BEGIN Records shown

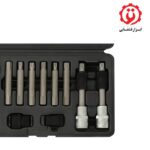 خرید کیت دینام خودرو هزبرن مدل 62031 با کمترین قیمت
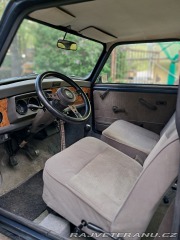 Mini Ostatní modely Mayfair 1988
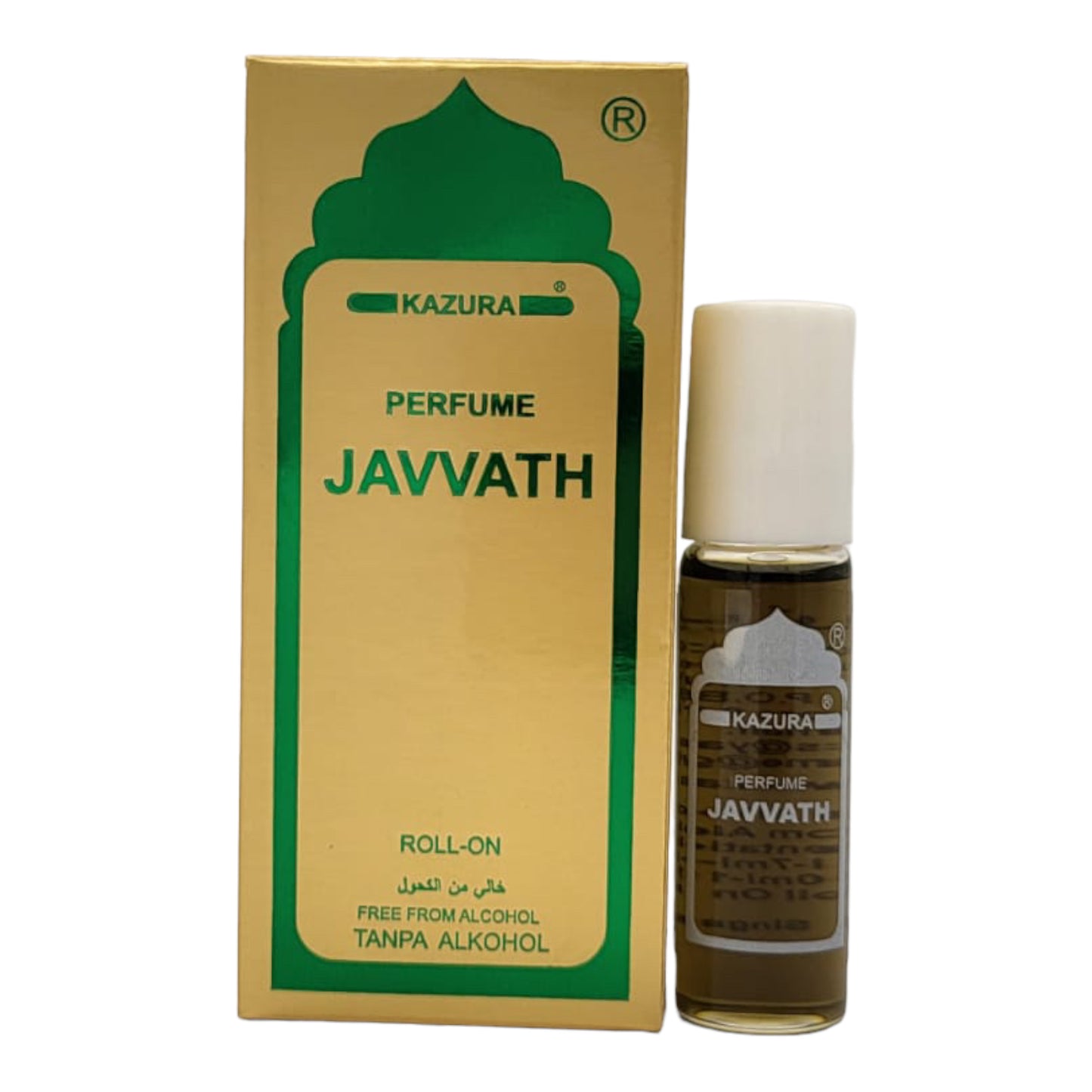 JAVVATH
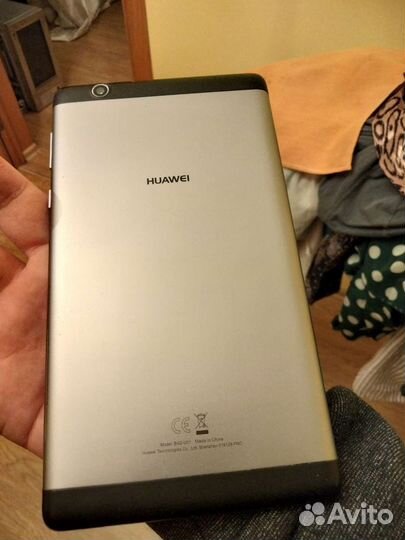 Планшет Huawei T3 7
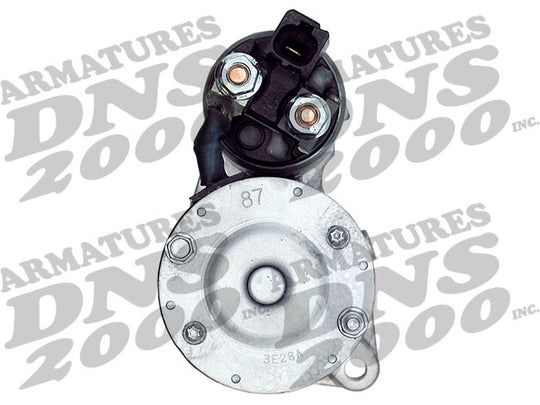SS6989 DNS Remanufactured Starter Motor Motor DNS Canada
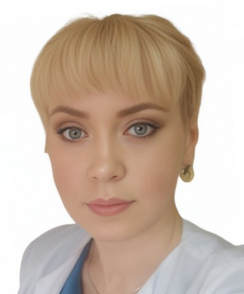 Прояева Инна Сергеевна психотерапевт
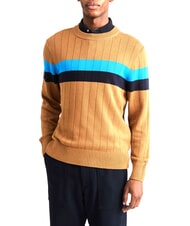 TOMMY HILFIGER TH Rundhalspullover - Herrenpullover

END Records shown

▶ [Requirement]: Retype all of the entries exactly as written, leaving out any images.

▶ [Solution for this exercise]:
 خرید کیت دینام خودرو هزبرن مدل 62031 با کمترین قیمت
 Mini Ostatní modely Mayfair 1988
 JAVVATH
 Планшет Huawei T3 7
SS6989 DNS Remanufactured Starter Motor Motor DNS Canada
 Прояева Инна Сергеевна психотерапевт
 TOMMY HILFIGER TH Rundhalspullover - Herrenpullover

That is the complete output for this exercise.